Mechanistic Interpretability of RNNs Emulating Hidden Markov Models¶

Conference: NeurIPS 2025
arXiv: 2510.25674
Code: GitHub
Area: Human Understanding
Keywords: RNN Interpretability, Hidden Markov Models, Noise-Driven Dynamics, Stochastic Resonance, Compositional Dynamical Primitives

TL;DR¶

A vanilla RNN is trained to reproduce the emission statistics of a Hidden Markov Model (HMM), and its internal mechanisms are reverse-engineered to reveal that the network implements discrete stochastic state transitions via noise-sustained orbital dynamics, "kick neuron" circuits, and self-induced stochastic resonance.

Background & Motivation¶

Background: RNNs are widely used in computational neuroscience to model neural population dynamics and generate hypotheses about neural computation. Prior work has focused primarily on deterministic, input-driven tasks such as motion discrimination and reaching movements.

Limitations of Prior Work: Natural behavior often manifests as stochastic transitions between discrete latent states—as described by HMMs—whereas RNNs operate over continuous state spaces. These two frameworks appear fundamentally incompatible, and little is known about how RNNs can generate spontaneous, stochastic, discrete-like behavior.

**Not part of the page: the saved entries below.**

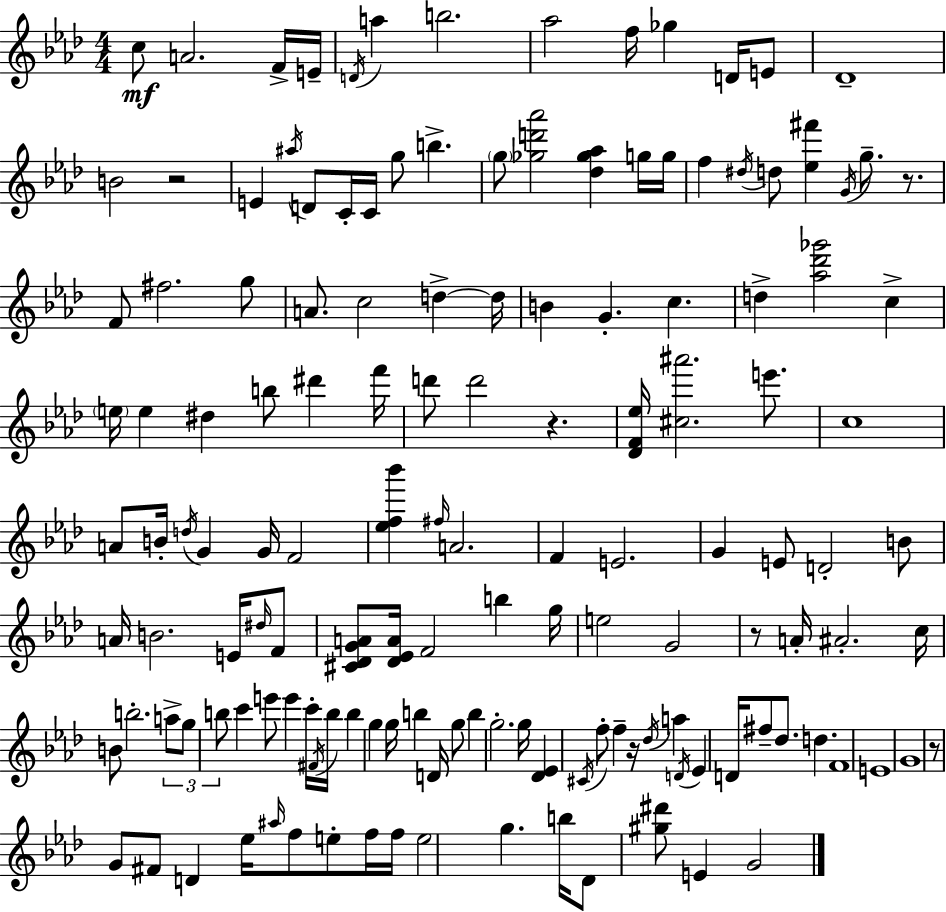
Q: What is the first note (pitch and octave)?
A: C5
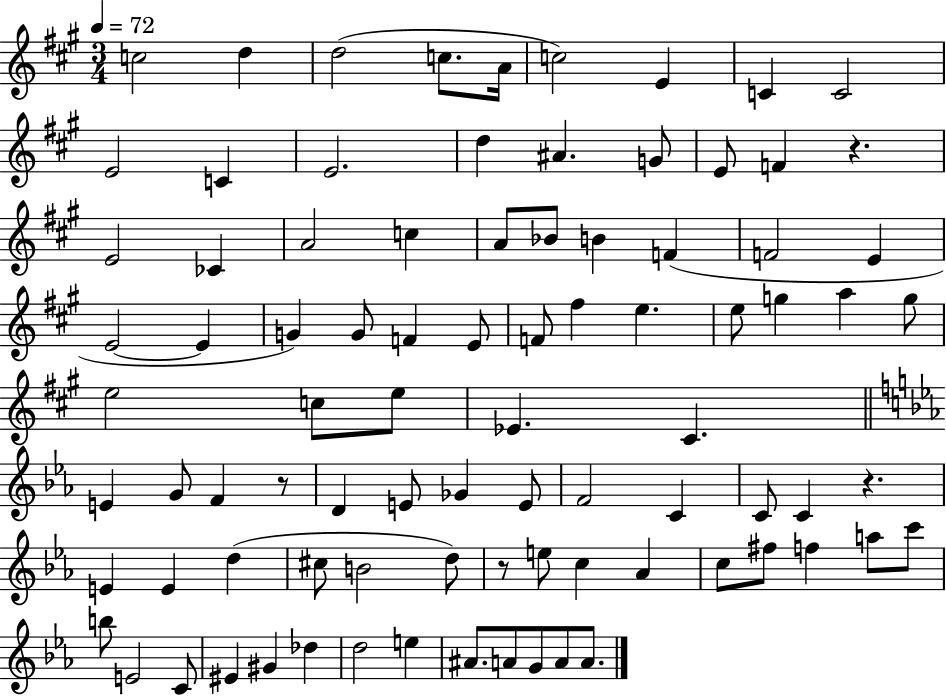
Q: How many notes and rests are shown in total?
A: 87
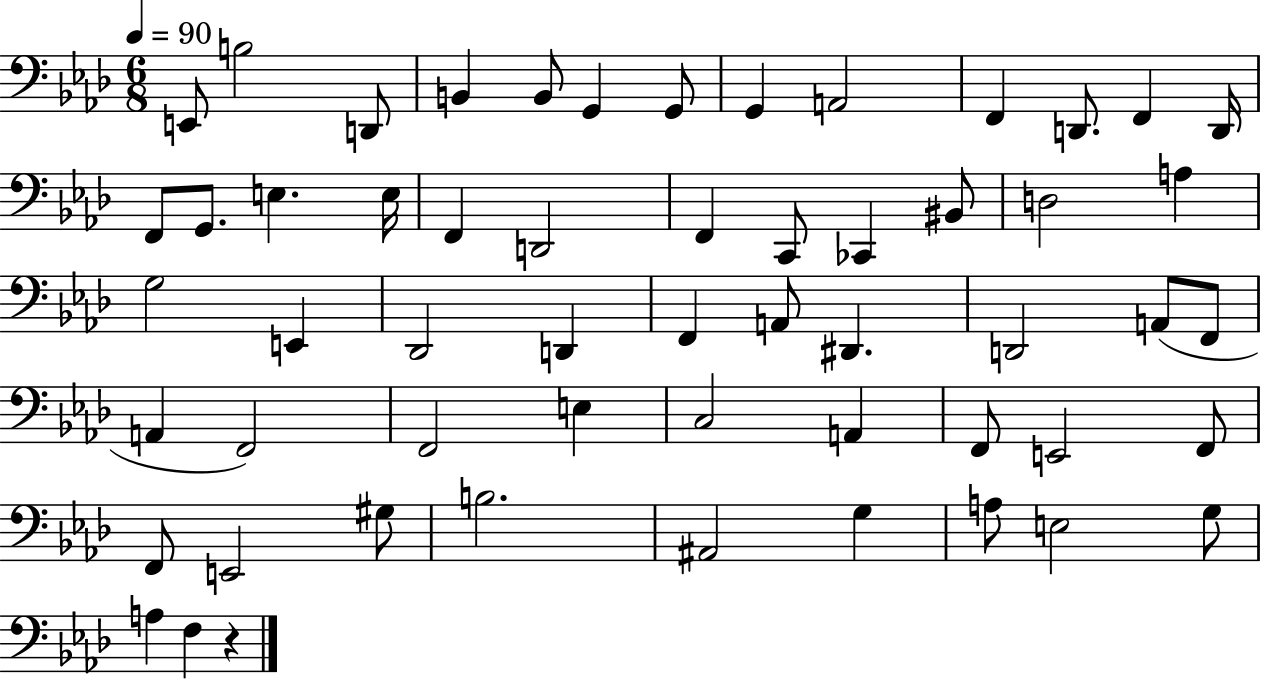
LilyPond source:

{
  \clef bass
  \numericTimeSignature
  \time 6/8
  \key aes \major
  \tempo 4 = 90
  \repeat volta 2 { e,8 b2 d,8 | b,4 b,8 g,4 g,8 | g,4 a,2 | f,4 d,8. f,4 d,16 | \break f,8 g,8. e4. e16 | f,4 d,2 | f,4 c,8 ces,4 bis,8 | d2 a4 | \break g2 e,4 | des,2 d,4 | f,4 a,8 dis,4. | d,2 a,8( f,8 | \break a,4 f,2) | f,2 e4 | c2 a,4 | f,8 e,2 f,8 | \break f,8 e,2 gis8 | b2. | ais,2 g4 | a8 e2 g8 | \break a4 f4 r4 | } \bar "|."
}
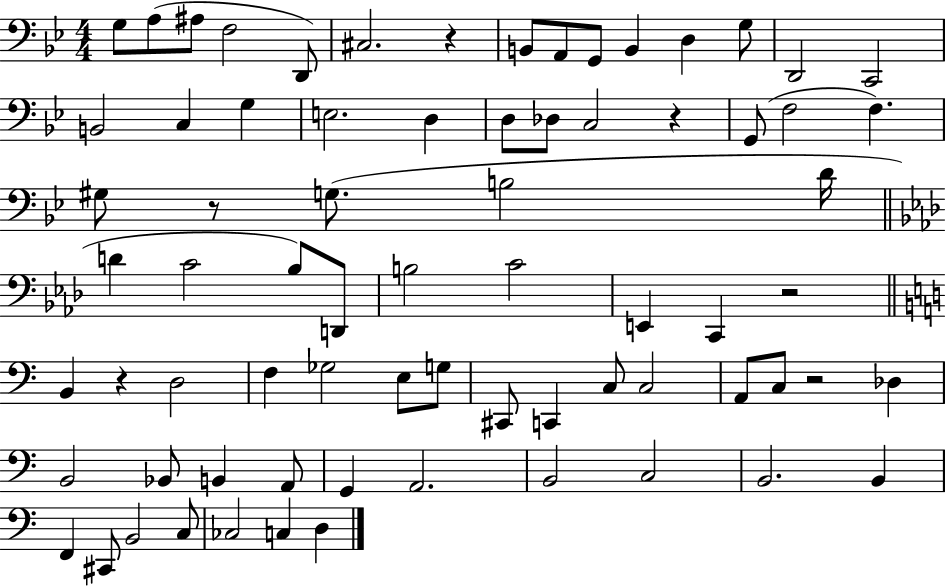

Key Challenge: HMMs model behavior with discrete states and stochastic transitions, while RNNs model dynamics with continuous trajectories—bridging these two paradigms remains an open challenge.

Goal: Can an RNN implement discrete stochastic state transitions using continuous dynamics? If so, what are the underlying internal mechanisms?

Key Insight: Train an RNN directly to fit the output distribution of an HMM, then perform multi-level reverse engineering.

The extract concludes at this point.